When my phone rang, I was doing yoga for the first time in months (years?), trying to alleviate the back pain that had been plaguing me for the last month or so. I heard the phone ring, but could not find it to answer in time, so I paused my video, waited for the voicemail to show up, listened to it, texted Kathy with the news, then got back to the yoga. As I stretched my sore muscles, I let my mind wander and let the news really sink in. I had decided to go back to work, and had decided, for a number of reasons, to go back to BigLaw. I knew, in my head, that this was the right decision. But I was also so afraid, and was trying hard not to allow the fear to take root and grow.
As I drove the kids down to the train station to drop off the babysitter and pick Kathy up from work, I told them that I had gotten a job. B asked me, "Are you going to be a lawyer?" When I told her I was, indeed, going to be a lawyer again, she inquired, "Well are you always going to be at work all night? And are you going to shut the door of the office all weekend again? Are you NEVER GOING TO SEE US?" I'm not kidding. It was as if I had danced around my fear, not quite wanting to name it, and B jabbed a needle into the center of it. Of course, that was it. I already feel, some days, like I never see Kathy. Since we got engaged, now over two weeks ago, we have had only one afternoon to ourselves. What if, that one afternoon, I had to work? And having B and C only half the time, when I was working, I saw them only a few nights a week and on some weekends. If I worked until 8, which is completely ordinary, I did not see them at all, because they were in bed when I got home. If it isn't our weekend, I could easily go an entire week not seeing two small things who live in my house.

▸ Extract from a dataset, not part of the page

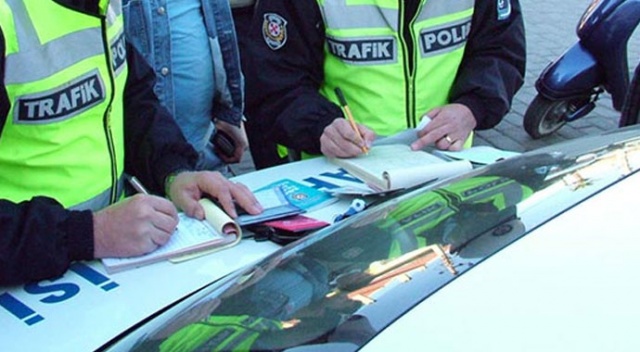 Kırmızı ışıkta geçen yayalara trafik cezası kesildi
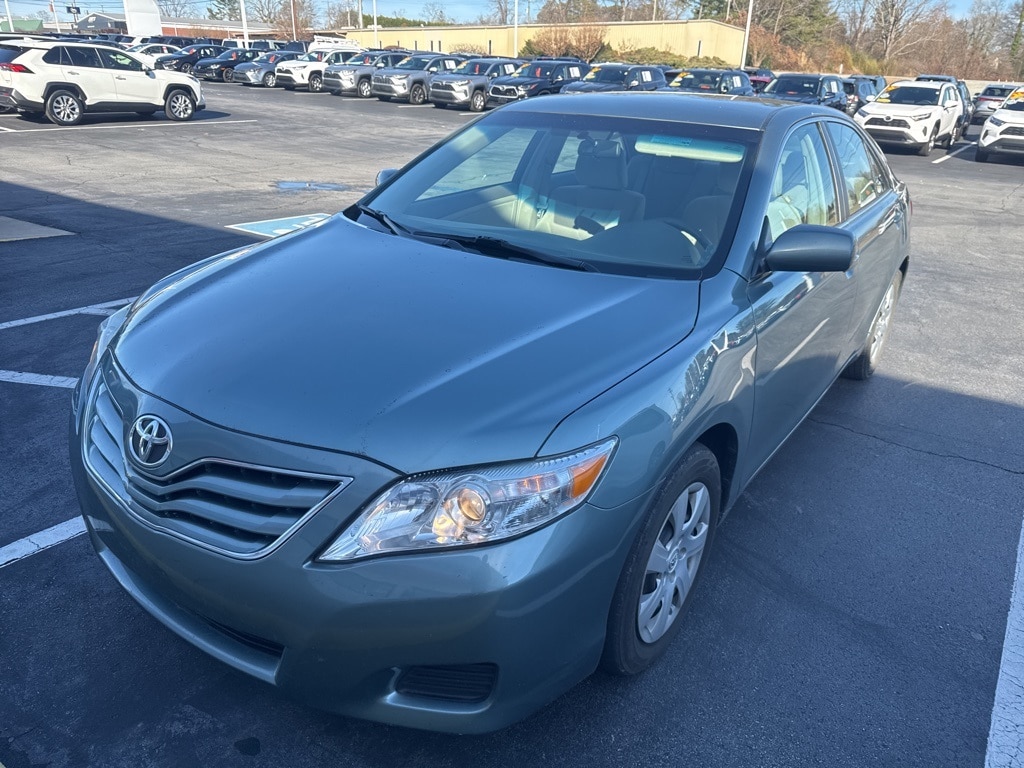 2011 Toyota Camry LE's photo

I looked into the rear view mirror and into her big brown fearful eyes, and I told her what I hope is the truth. "Sometimes, Boo, I'm going to get stuck at work, and it might feel like I never get to see you. But I really want to try going back to work again. I'm going to miss you when I get stuck or have to work on the weekends, but it will be okay. I think it will be a lot better than my old job."
I find that one of the best things about explaining things to kids is that it helps to frame things. Because you can't let them down, you can't be too positive. Because you don't want to be harsh or crush their spirit, you can't be too negative. When you take away the bookends, the piece left in the middle is usually the most honest. It's not going to be terrible going back to work. I chose to go to this firm, with this partner, because I truly hope and believe it will be better than my last firm. But neither is it going to be easy. I am still going back to work at a firm that expects me to bill 2,000 hours a year, which is a lot of work. There will be nights I miss dinner and vacations I am shut in the office. But hopefully, my new firm will be an environment of respect, and we will treat each other with kindness, and it will, in the end, be okay.
Then, the babysitter asked B what she didn't like about me working my old job. "All she did all the time was work, be tired, and cry." Well yes. That's kind of true. So hopefully it's not like that.